Das Denken in Kategorien „Sieger“ und „Besiegte“ führt aber nicht weiter. Meine Gegenthese: Die Wessis fühlten sich bei der Wiedervereinigung nicht als Sieger, denn der Westen stand ja in gar keinem Wettbewerb zur DDR: Wir fühlten uns sowieso haushoch überlegen! Deshalb gibt es auch keine Besiegten – die militärische Metapher trifft es nicht. Die Wiedervereinigung war ein großes Glück der Geschichte und ist im Hier und Heute erfolgreich. Trotzdem mag auch ich den Begriff „Erfolgsgeschichte“ nicht, denn es war ja tatsächlich kein wirklich gut geplantes, aber eben auch kein planbares Billionen-Projekt – übrigens wird immer nur vom Geldtransfer in den Osten gesprochen, wenig von der Wirtschaftsleistung der Bürger in und aus den neuen Ländern – und gesellschaftspolitisch war es ein historisch einzigartiges Unterfangen ohne Vorbild. Gewonnen haben die Allermeisten; aber ja, auch Verlierer gab es. Und wer sich als zurückgelassen empfindet, dem darf man diese Gefühle nicht absprechen, sondern man muss sich konkret kümmern und das auch nachvollziehbar vermitteln.

Bundeskanzler Helmut Kohl legte nach dem Mauerfall noch im November 1989 ein Tempo in Richtung Einheit vor, dass vielen von uns im Westen schwindelig wurde. Er war in dieser Situation tatsächlich ein visionärer Realist, naiv war lediglich die Einschätzung der wirtschaftlich-materiellen Situation der DDR-Volkswirtschaft; diese Fehleinschätzung machte dann Treuhand-Auswüchse, das sogenannte „Plattmachen“, erst möglich. Die Kultur hatten wir im Westen mitnichten „abgeschrieben“, schon gar nicht die Menschen „drüben“! Zur wiedervereinigten Kultur gehörten die gemeinsamen Verpflichtungen aus der deutschen Geschichte, aber auch die Heimat von Johann Sebastian Bach und Georg Friedrich Händel, die Deutsche Klassik, die Bühnenkunst, Alleen und historische Landschaften, die es trotz LPGs und Raubbau an der Natur gab. Für Identitätsstiftendes in der DDR-Alltagskultur hat sich der Westen weniger interessiert.
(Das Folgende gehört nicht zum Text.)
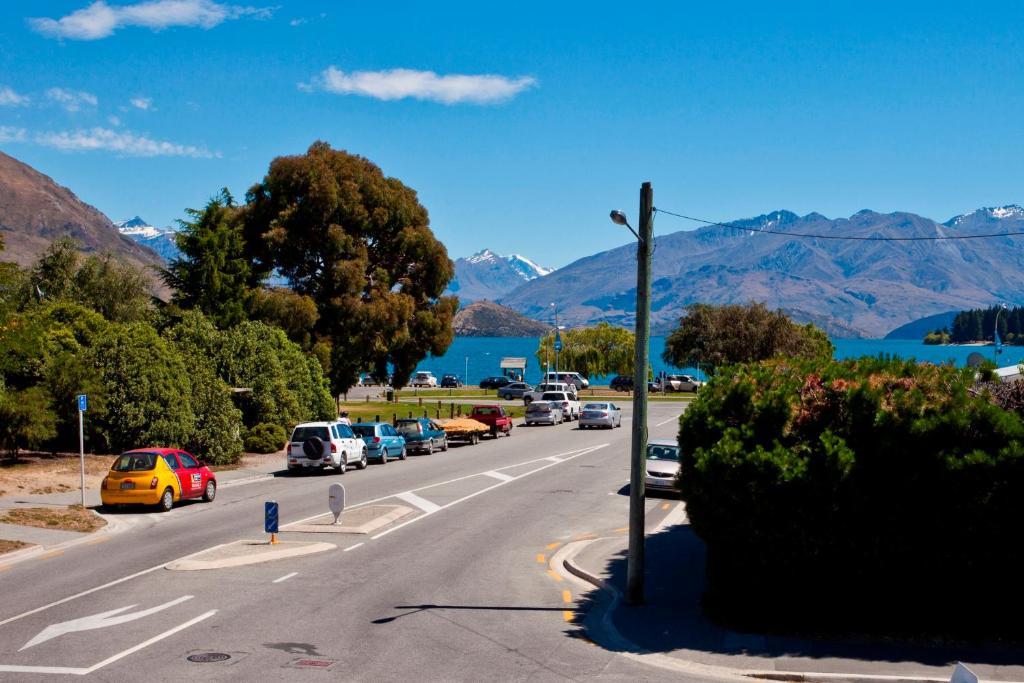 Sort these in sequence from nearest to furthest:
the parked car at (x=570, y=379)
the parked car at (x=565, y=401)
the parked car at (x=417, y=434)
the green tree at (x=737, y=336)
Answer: the parked car at (x=417, y=434) < the parked car at (x=565, y=401) < the green tree at (x=737, y=336) < the parked car at (x=570, y=379)

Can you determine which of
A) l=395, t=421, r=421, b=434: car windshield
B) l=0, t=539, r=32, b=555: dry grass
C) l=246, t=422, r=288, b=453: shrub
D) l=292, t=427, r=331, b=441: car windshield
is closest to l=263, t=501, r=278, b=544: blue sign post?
l=0, t=539, r=32, b=555: dry grass

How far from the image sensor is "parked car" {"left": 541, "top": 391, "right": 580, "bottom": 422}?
66438mm

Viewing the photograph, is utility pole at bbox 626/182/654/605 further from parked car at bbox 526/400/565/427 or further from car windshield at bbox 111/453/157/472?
parked car at bbox 526/400/565/427

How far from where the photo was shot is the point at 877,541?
1348 cm

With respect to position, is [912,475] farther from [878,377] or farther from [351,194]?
[351,194]

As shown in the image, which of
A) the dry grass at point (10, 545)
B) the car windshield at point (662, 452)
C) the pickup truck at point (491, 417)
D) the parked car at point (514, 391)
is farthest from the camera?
the parked car at point (514, 391)

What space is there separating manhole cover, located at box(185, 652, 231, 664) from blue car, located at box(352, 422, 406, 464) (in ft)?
87.0

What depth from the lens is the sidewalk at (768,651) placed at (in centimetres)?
1242

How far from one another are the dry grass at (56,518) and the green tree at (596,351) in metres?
90.0

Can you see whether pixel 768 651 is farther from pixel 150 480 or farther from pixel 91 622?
pixel 150 480

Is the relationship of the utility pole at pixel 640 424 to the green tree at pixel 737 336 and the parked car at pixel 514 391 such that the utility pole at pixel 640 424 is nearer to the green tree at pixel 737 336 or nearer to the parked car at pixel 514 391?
the parked car at pixel 514 391

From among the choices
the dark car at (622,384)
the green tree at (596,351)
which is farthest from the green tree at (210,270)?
the green tree at (596,351)

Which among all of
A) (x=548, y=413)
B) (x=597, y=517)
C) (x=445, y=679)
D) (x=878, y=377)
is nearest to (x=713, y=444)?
(x=878, y=377)

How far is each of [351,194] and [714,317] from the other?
55.6 meters
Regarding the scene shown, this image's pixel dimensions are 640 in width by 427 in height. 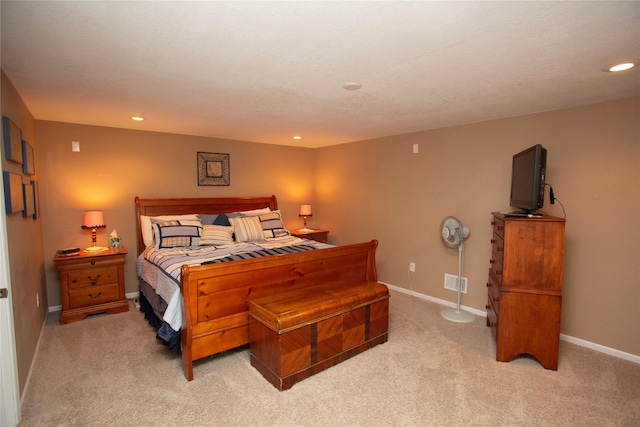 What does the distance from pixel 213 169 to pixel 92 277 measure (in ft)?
6.61

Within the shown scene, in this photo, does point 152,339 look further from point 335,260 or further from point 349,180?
point 349,180

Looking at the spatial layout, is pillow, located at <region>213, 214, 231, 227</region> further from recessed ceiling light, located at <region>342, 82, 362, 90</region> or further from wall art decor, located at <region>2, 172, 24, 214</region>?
recessed ceiling light, located at <region>342, 82, 362, 90</region>

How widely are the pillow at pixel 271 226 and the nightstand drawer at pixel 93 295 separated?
182 cm

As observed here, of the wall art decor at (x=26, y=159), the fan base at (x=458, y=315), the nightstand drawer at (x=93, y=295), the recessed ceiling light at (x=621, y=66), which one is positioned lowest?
the fan base at (x=458, y=315)

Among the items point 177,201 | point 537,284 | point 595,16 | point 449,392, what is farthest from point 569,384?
point 177,201

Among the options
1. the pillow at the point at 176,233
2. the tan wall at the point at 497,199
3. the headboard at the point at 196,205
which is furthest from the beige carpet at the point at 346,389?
the headboard at the point at 196,205

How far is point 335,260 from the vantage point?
3.29 m

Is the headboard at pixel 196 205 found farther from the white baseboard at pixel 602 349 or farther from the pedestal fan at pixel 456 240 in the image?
the white baseboard at pixel 602 349

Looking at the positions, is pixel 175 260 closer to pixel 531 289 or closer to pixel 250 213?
pixel 250 213

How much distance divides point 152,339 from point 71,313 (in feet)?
3.58

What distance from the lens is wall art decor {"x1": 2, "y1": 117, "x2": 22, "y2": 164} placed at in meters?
2.11

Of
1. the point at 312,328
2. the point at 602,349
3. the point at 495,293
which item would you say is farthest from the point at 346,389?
the point at 602,349

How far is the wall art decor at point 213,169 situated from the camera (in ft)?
15.3

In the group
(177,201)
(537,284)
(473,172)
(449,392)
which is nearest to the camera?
(449,392) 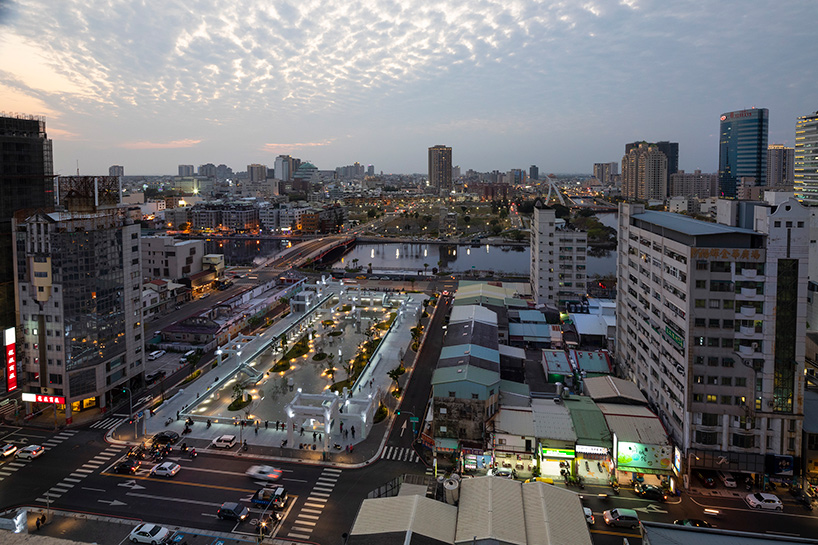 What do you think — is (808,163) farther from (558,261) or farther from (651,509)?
(651,509)

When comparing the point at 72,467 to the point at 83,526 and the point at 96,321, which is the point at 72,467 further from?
the point at 96,321

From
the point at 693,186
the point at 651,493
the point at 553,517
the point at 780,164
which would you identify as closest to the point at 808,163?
the point at 651,493

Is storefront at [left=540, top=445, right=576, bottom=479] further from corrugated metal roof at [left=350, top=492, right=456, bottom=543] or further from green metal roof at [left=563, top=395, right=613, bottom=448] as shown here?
corrugated metal roof at [left=350, top=492, right=456, bottom=543]

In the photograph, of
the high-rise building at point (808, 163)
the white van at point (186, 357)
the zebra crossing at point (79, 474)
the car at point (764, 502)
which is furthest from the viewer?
the high-rise building at point (808, 163)

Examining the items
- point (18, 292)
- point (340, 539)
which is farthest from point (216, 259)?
point (340, 539)

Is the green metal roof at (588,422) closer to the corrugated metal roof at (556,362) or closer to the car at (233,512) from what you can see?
the corrugated metal roof at (556,362)

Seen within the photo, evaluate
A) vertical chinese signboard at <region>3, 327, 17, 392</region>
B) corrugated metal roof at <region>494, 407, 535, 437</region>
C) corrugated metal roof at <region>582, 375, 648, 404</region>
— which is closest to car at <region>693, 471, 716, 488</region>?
corrugated metal roof at <region>582, 375, 648, 404</region>

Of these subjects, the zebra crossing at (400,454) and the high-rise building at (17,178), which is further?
the high-rise building at (17,178)

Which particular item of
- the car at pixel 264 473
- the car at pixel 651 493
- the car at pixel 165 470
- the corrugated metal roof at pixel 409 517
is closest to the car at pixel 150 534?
the car at pixel 165 470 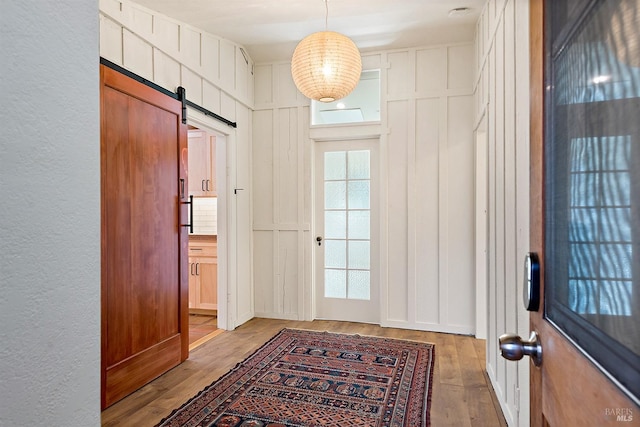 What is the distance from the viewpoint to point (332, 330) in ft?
13.0

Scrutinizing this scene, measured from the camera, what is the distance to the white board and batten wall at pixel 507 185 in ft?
5.76

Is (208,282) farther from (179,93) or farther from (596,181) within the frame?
(596,181)

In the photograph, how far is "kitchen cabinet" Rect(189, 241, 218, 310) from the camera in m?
4.61

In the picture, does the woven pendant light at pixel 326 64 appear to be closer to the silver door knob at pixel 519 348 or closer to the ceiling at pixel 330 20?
the ceiling at pixel 330 20

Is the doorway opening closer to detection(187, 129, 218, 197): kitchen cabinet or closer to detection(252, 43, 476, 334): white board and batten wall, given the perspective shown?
detection(187, 129, 218, 197): kitchen cabinet

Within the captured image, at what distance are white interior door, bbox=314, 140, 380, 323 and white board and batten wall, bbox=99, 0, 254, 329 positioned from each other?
86cm

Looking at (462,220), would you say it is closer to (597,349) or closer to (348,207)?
(348,207)

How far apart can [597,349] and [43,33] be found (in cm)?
93

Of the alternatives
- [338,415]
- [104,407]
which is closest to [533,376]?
[338,415]

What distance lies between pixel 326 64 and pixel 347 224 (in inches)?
76.9

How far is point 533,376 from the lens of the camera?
28.8 inches

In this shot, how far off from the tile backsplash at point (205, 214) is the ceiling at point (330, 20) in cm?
210

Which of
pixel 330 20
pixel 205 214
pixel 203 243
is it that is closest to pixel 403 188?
pixel 330 20

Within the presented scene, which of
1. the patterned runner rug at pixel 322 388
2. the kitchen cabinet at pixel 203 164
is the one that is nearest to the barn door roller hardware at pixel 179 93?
the kitchen cabinet at pixel 203 164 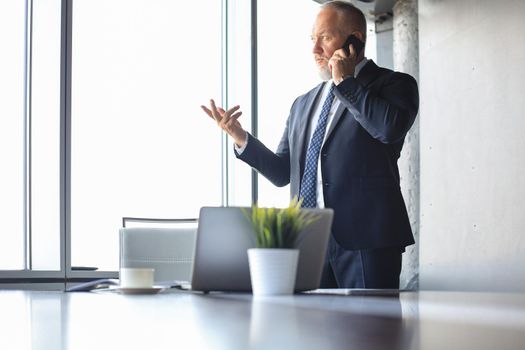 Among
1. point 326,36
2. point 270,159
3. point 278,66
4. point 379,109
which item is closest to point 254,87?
point 278,66

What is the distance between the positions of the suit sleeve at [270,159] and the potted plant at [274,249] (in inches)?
40.3

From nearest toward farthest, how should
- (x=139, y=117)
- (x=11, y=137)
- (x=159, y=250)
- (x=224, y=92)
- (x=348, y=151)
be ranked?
1. (x=348, y=151)
2. (x=159, y=250)
3. (x=11, y=137)
4. (x=139, y=117)
5. (x=224, y=92)

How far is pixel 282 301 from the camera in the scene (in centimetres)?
169

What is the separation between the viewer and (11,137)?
477cm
Im Einheitsvertrag heißt es: „In den Jahren der Teilung waren Kunst und Kultur – trotz unterschiedlicher Entwicklung der beiden Staaten in Deutschland – eine Grundlage der fortbestehenden Einheit der deutschen Nation.“ Das war wohl eine zu bildungsbürgerlich geprägte idealisierende Vorstellung von Deutschland als einer in zwei Staaten existierenden Goethe-und-Schiller-Kulturnation. Und weiter: „Sie (Kunst und Kultur; Anm. d. Autors) leisten im Prozess der staatlichen Einheit der Deutschen auf dem Weg zur europäischen Einigung einen eigenständigen und unverzichtbaren Beitrag.“ Was wir jetzt nach 30 Jahren sehen: Dieser Prozess dauert länger als gedacht und es gibt Rückschläge, trotzdem gilt es ihn weiterhin unbeirrt zu gestalten, und daran arbeitet auch Olaf Zimmermann mit Leidenschaft – und vergeigt höchstens mal ein Editorial: geschenkt!

Dieser Text ist zuerst erschienen in Politik & Kultur 12/2019-01/2020.